Un pueblo, lleno de individualidades, de actividad, de inquietud, acostumbrado a considerar la meta de una empresa tan sólo como el inicio de una nueva, en permanente tensión, que día tras otro busca nuevas alianzas que crean nuevas circunstancias, que un día es victorioso y al otro es derrotado, que un día está amenazado por un terrible enemigo y al otro se dispone a asediarlo hasta eliminado, un pueblo en libre e imparable efervescencia tanto interior como exterior; este pueblo acudía desde la asamblea, desde los mercados, los campos o los barcos y llenaba el anfiteatro para ver la representación de la más profunda de las tragedias, el Prometeo, para reunirse ante la obra de arte más excelsa, para conocerse a sí mismo, para saber de sus empresas, para fundirse en íntima comunión con su propia esencia, con sus semejantes, con su dios, convirtiendo el alma de cada griego en alma colectiva.
Siempre celoso de su independencia personal, siempre dispuesto a perseguir al «tirano» que, por sabio y noble que pudiera ser, siempre podría tratar de limitar su libertad; siempre en guardia, incansable en el rechazo de influencias extranjeras, decidido en no dejar que la tradición, por antigua y respetable que fuere, dominara su vida, su pensamiento y sus acciones, ese ciudadano griego enmudecía al oír las invocaciones del coro, se sometía a la profunda armonía que desprendía la representación, obedecía de buen grado al imperativo y a los preceptos que, por boca del poeta trágico, desde el escenario anunciaban los dioses y los héroes. En la tragedia se encontraba a sí mismo, reconocía la parte más noble de su ser confundida con lo más noble del alma colectiva de toda la nación; convocando su propio ser, su íntima conciencia, recibía el anuncio, a través de la obra de arte trágica, de los oráculos de Pitia.
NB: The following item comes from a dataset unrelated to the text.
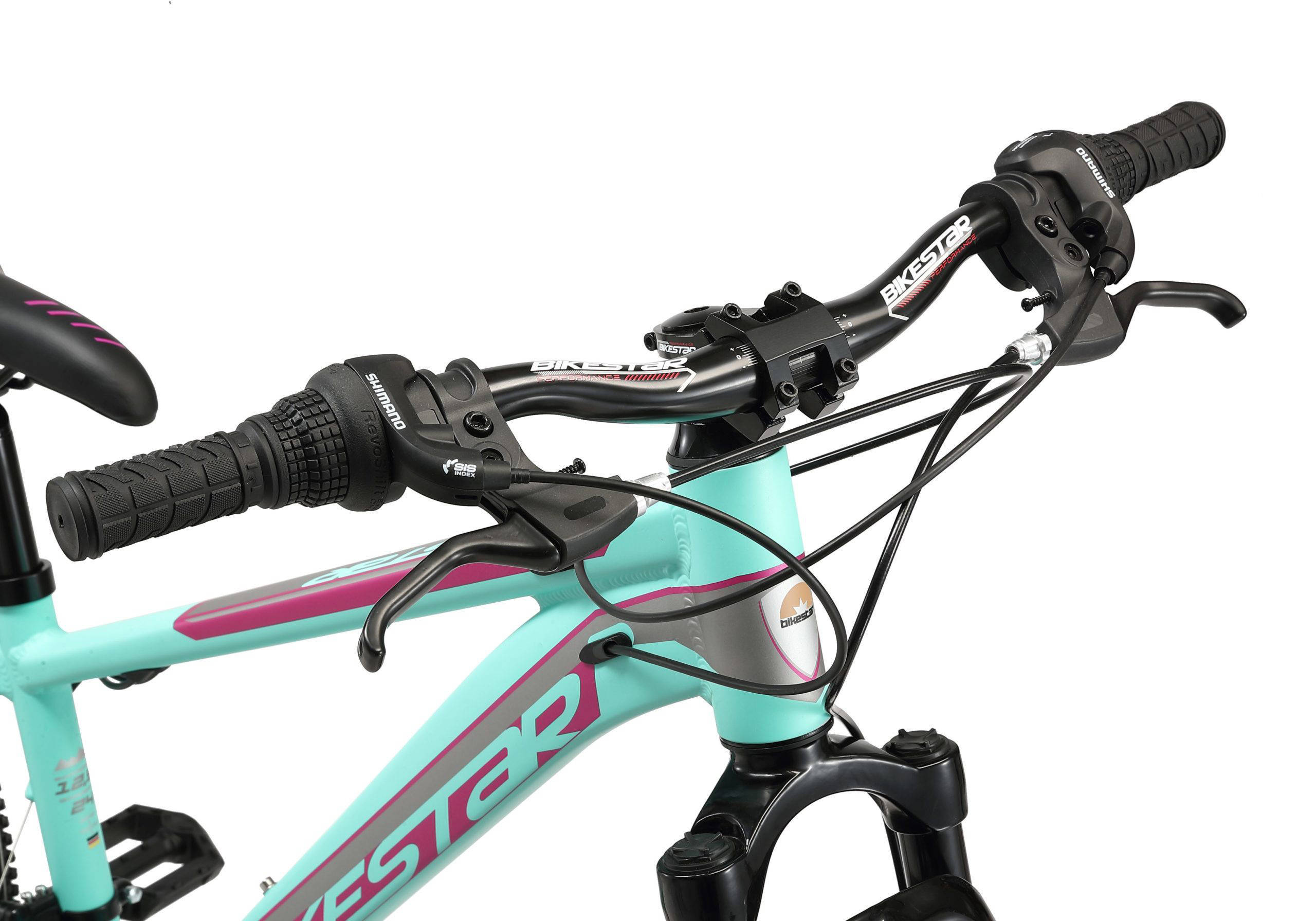 BikeStar MTB, Sport kinderfiets 24 inch mint /roze, 21 speed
Dios y sacerdote al mismo tiempo, Apolo encarnaba la comunidad y la comunidad se encarnaba en él, como una de esas infinitas fibras que en la vida de una planta se elevan sobre la tierra para erguirse en el aire y producir una bellísima flor que regala su perfume a la eternidad. Esa flor es la obra de arte, su perfume, el espíritu griego, que aún hoy nos atrapa y seduce hasta el punto de convencemos que mejor es ser griego por unas horas presenciando una tragedia griega que un dios no griego en la eternidad.